# [How to complete this task]
The line containing "Fotógrafo de bodas" opens the span to copy, and the last line of the records below closes it. Write out that span exactly.

# [Saved data entries]
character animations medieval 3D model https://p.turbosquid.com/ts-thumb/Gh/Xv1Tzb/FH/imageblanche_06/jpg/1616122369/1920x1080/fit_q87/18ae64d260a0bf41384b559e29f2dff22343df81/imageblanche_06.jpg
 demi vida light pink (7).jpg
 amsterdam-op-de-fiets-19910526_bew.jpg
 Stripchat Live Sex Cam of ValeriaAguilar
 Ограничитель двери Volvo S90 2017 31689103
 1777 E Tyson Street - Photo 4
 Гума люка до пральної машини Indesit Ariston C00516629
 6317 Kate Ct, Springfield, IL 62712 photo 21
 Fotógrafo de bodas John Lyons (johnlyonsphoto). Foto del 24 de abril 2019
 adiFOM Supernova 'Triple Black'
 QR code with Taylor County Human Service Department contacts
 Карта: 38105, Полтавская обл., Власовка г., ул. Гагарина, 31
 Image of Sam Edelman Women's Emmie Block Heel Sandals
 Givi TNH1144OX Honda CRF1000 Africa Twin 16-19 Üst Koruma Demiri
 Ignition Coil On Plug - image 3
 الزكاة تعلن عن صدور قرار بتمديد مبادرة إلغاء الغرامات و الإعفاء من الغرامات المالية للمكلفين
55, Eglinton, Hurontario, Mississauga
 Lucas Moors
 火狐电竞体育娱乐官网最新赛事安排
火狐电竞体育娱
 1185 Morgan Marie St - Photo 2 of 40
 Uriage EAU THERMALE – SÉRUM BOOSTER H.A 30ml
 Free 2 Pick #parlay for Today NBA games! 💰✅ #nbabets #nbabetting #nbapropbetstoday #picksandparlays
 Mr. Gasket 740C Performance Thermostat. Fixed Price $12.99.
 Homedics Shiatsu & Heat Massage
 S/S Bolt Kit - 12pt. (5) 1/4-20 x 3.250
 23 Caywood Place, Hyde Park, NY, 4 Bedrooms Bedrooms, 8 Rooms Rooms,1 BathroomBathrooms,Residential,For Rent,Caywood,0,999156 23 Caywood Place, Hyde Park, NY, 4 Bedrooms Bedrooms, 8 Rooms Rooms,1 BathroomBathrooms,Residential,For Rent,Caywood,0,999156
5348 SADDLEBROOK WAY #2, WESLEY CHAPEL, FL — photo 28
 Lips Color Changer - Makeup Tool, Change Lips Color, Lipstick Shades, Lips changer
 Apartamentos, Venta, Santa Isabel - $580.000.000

# [Written answer]
 Fotógrafo de bodas John Lyons (johnlyonsphoto). Foto del 24 de abril 2019
 adiFOM Supernova 'Triple Black'
 QR code with Taylor County Human Service Department contacts
 Карта: 38105, Полтавская обл., Власовка г., ул. Гагарина, 31
 Image of Sam Edelman Women's Emmie Block Heel Sandals
 Givi TNH1144OX Honda CRF1000 Africa Twin 16-19 Üst Koruma Demiri
 Ignition Coil On Plug - image 3
 الزكاة تعلن عن صدور قرار بتمديد مبادرة إلغاء الغرامات و الإعفاء من الغرامات المالية للمكلفين
55, Eglinton, Hurontario, Mississauga
 Lucas Moors
 火狐电竞体育娱乐官网最新赛事安排
火狐电竞体育娱
 1185 Morgan Marie St - Photo 2 of 40
 Uriage EAU THERMALE – SÉRUM BOOSTER H.A 30ml
 Free 2 Pick #parlay for Today NBA games! 💰✅ #nbabets #nbabetting #nbapropbetstoday #picksandparlays
 Mr. Gasket 740C Performance Thermostat. Fixed Price $12.99.
 Homedics Shiatsu & Heat Massage
 S/S Bolt Kit - 12pt. (5) 1/4-20 x 3.250
 23 Caywood Place, Hyde Park, NY, 4 Bedrooms Bedrooms, 8 Rooms Rooms,1 BathroomBathrooms,Residential,For Rent,Caywood,0,999156 23 Caywood Place, Hyde Park, NY, 4 Bedrooms Bedrooms, 8 Rooms Rooms,1 BathroomBathrooms,Residential,For Rent,Caywood,0,999156
5348 SADDLEBROOK WAY #2, WESLEY CHAPEL, FL — photo 28
 Lips Color Changer - Makeup Tool, Change Lips Color, Lipstick Shades, Lips changer
 Apartamentos, Venta, Santa Isabel - $580.000.000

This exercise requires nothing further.